Albowitz: Da gibt es eine schöne Geschichte, für die ich weiter ausholen muss. Ich wurde ja schon bald Fraktionsgeschäftsführerin und nahm an den Koalitionsberatungen teil. Einmal bin ich mit dem damaligen Finanzminister Theo Waigel aneinandergeraten. Es ging um den Abzug der russischen Soldaten aus der DDR. Ich wollte, dass deutsche Firmen an dem Bau von Wohnungen beteiligt werden, die wir in Russland finanzieren sollten. Ich wollte nicht, dass das Geld in dunklen Kanälen versickert.
Eines Tages ruft mich der Parteivorsitzende Otto Graf Lambsdorff an: „Ich brauche Sie im Kanzleramt.“ Kohl putzte an diesem Tag die Leute runter, ich wurde immer kleiner. Aber als mein Thema dran war, hat Kohl darauf bestanden, dass ich zu Wort komme, und sagte hinterher: „Das ist doch eine gute Idee.“ Nach der Sitzung rief er mich noch einmal zu sich und verriet: „Ich habe aus der Sauna heraus mit dem Horst telefoniert. Der hat sich für Sie eingesetzt. Erzählen Sie doch mal, warum das bei Ihnen zu Hause so gut klappt zwischen CDU und FDP?“
Beucher: Da sieht man mal, was ich für einen schweren Stand gegenüber den Regierungskoalitionären hatte.

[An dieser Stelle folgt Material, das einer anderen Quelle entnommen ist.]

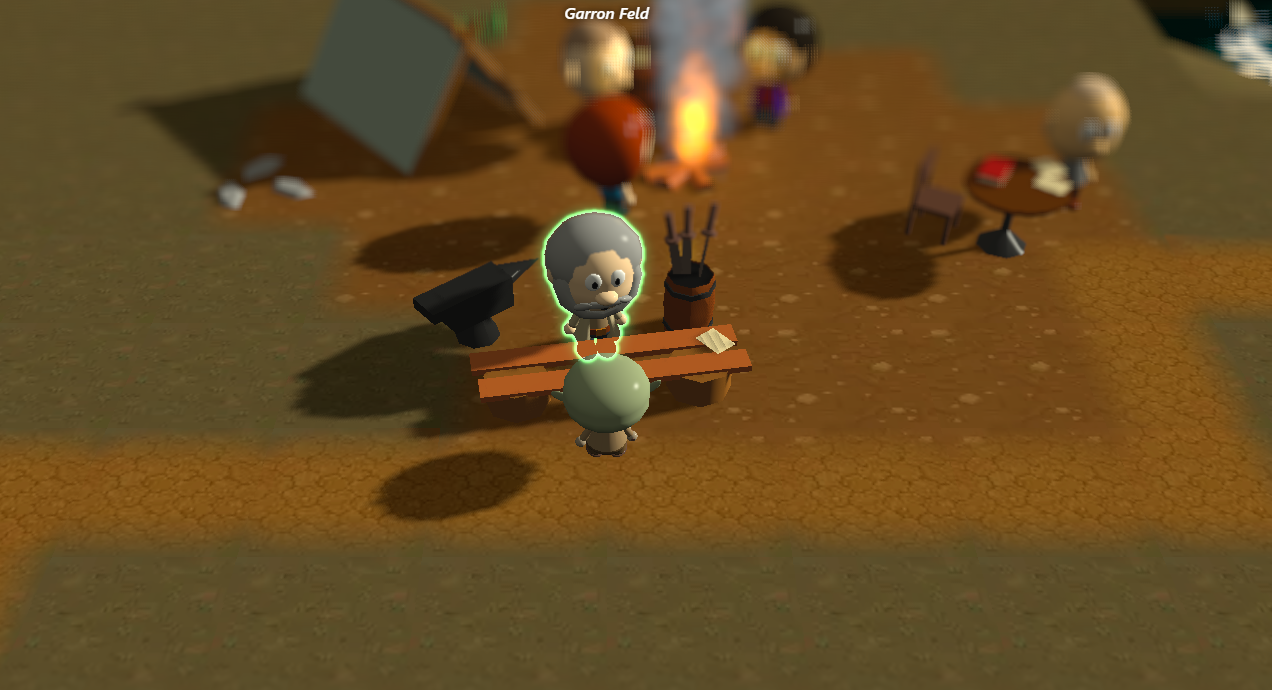 Screenshot 2026-10-01 085309.png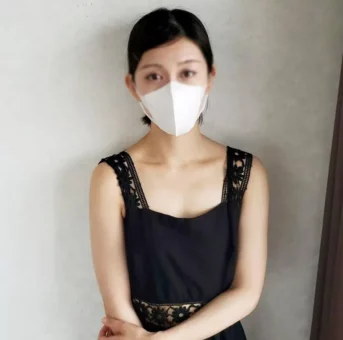 てきた超真面目スレンダー美女が元カレと復縁！更に男をまどわさんばかりにあやしく美しくなって再登場！
(HD1080P) (fc4503644)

Albowitz: Du Armer, das hast Du aber gut gemacht.
Wie war es für Sie, Herr Beucher, in der Opposition?
Beucher: Ich kam bald in die Untersuchungsausschüsse. Da war es meine Aufgabe, den politischen Gegner zu stellen. Das ist eine Arbeit wie im Bergwerk, da muss man Akten fressen, sonst geht man als Opposition unter. Und ich habe mich bemüht, meine Kontakte in die SPD-Landesregierungen für Oberberg zu nutzen und Mittel für uns herauszuschlagen. Die anderen beiden hatten ja Bundesmittel zur Verfügung.

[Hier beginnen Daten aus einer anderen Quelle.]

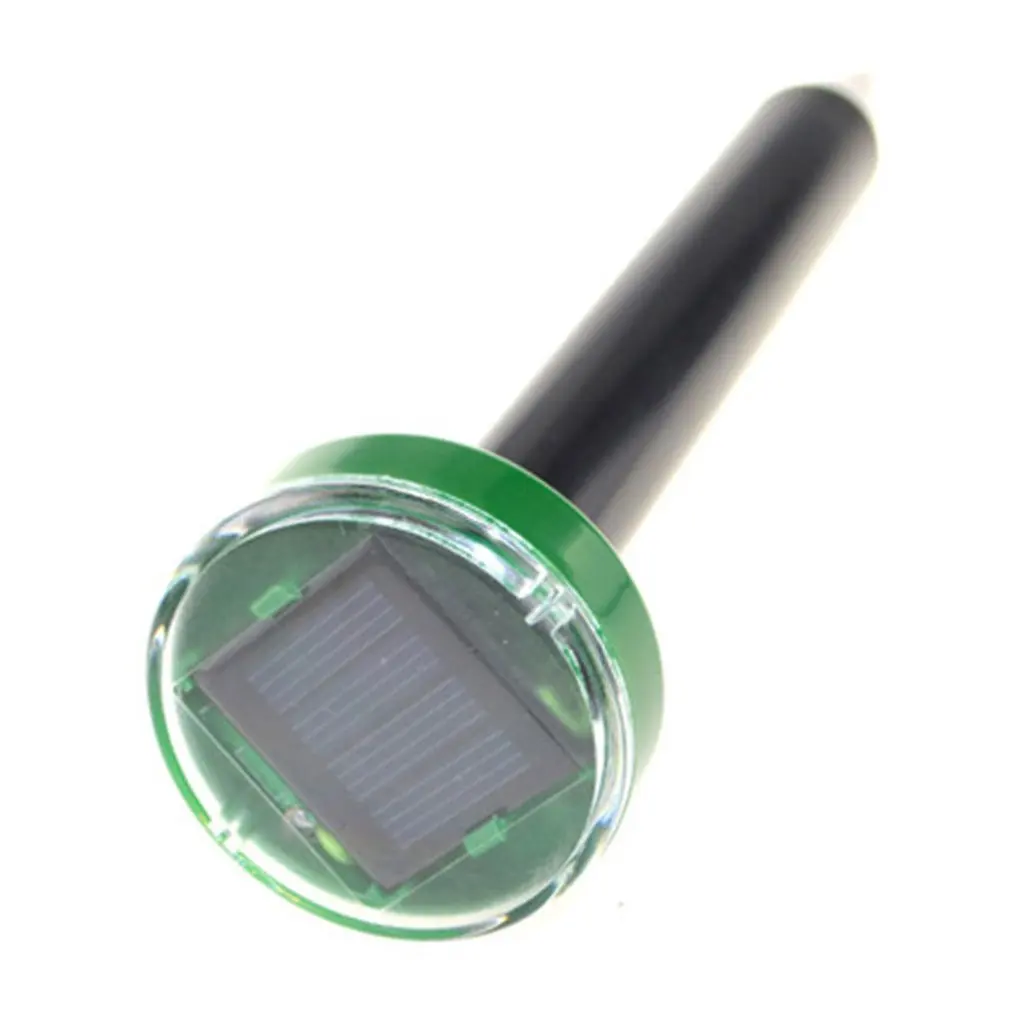 2018 вредителями отклонить ошибка зрелище Мышь ловушка для крыс борьбы с без яда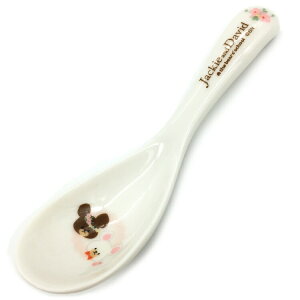 ܂̂ Q 784650 ͂Ȃނ ܂ WbL[ fCrbg 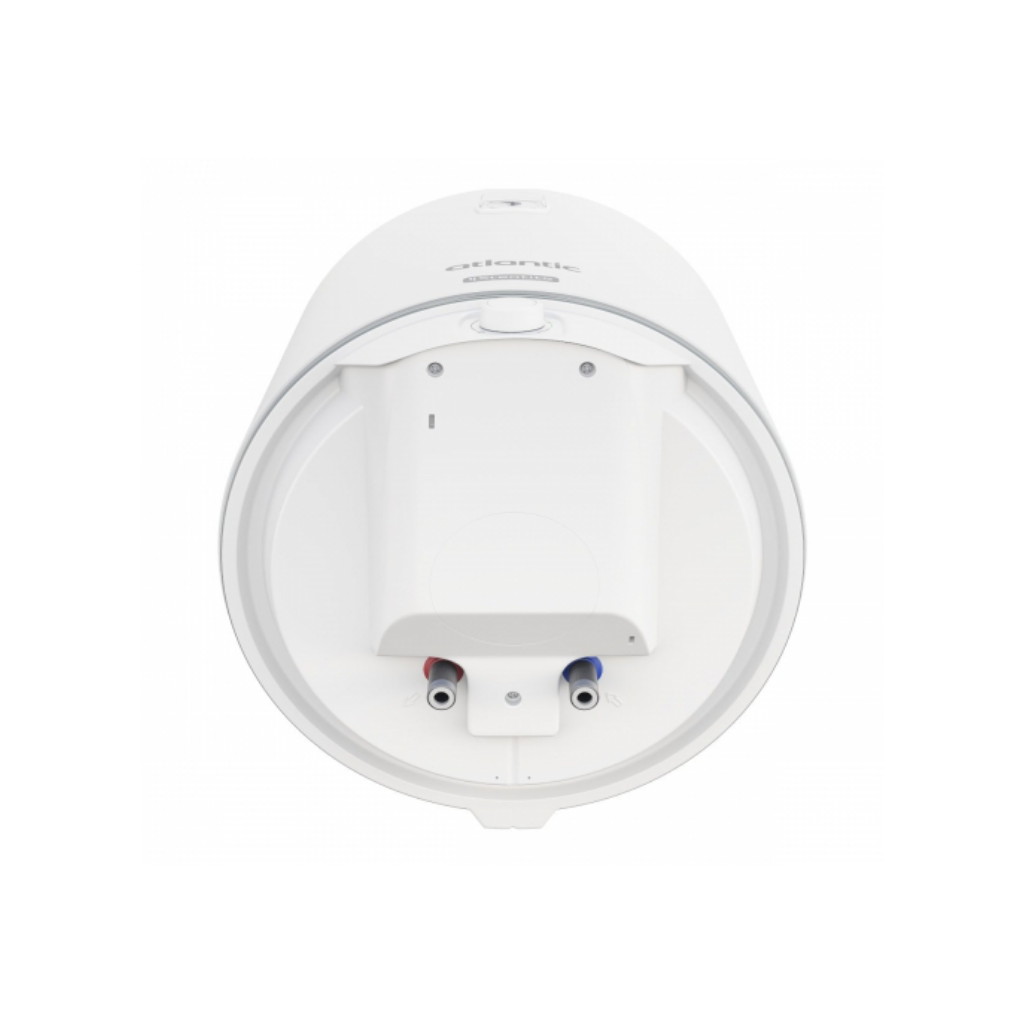 Бойлер Atlantic Steatite Elite VM 080 D400S-2-BC (81991080) — изображение 6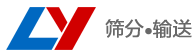新鄉市草莓视频污污污污機械有限公司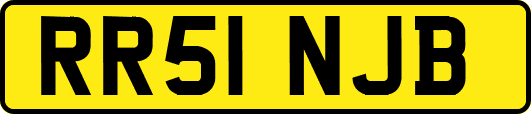 RR51NJB
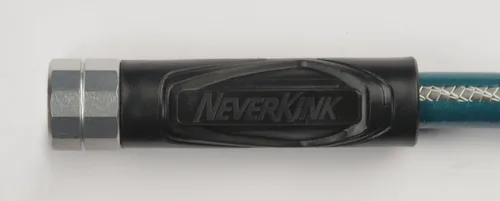 Miniatura 2 de Manguera de jardín Teknor Apex Never Kink Series 2000 ultra Flexible, Verde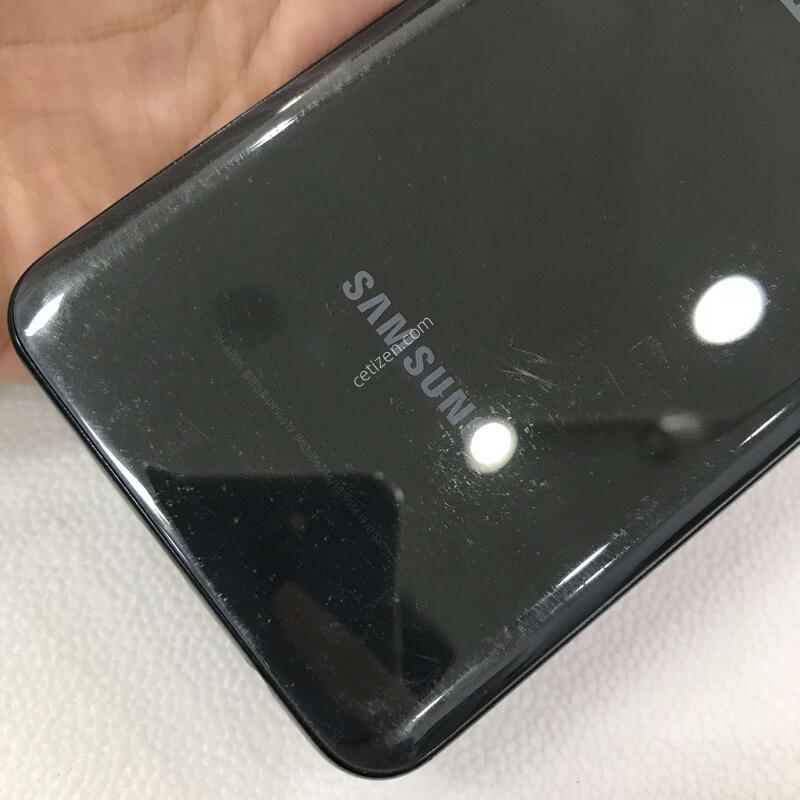 �����ÿ��̵�4/����/����ƯƯSSSS��/�ܰ��ֻ�/�����ϰ��Ǹ��մϴ�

Albowitz: Als Mitglied des Haushaltsausschusses saß ich, wo das Geld verteilt wird. Ich habe mich immer als Abgeordnete für ganz Deutschland verstanden, aber Oberberg sollte auch nicht schlechter wegkommen als andere Wahlkreise. Die Leute hier haben bis heute nicht vergessen, dass man sich eingesetzt hat. Und sei es, wenn mich mein Mann als kostenloses Unterhaltungsprogramm für die diversen Schützenfeste gebucht hat.
Beucher: Wir sind jetzt beide seit zwei Jahrzehnten nicht mehr im Bundestag, aber das haben offenbar viele Leute noch nicht bemerkt. Da vergeht kaum ein Tag, an dem einen nicht ein Anliegen erreicht.
Nun könnte es sogar dazu kommen, dass vier Oberberger ins Parlament einziehen.
Beucher: Ein übergroßer Bundestag ist nicht gut, den kriegt man gar nicht organisiert und er ist nicht vermittelbar. Die Reform des Wahlrechts mit einer Begrenzung der Abgeordnetenzahl ist leider an der CDU gescheitert.
Albowitz: Man muss Schäuble den Vorwurf machen, dass er als Bundestagspräsident seine Partei nicht überzeugen konnte. Wir waren damals im wiedervereinigten Deutschland 580 Abgeordnete. Wenn wir Pech haben, werden es jetzt 840!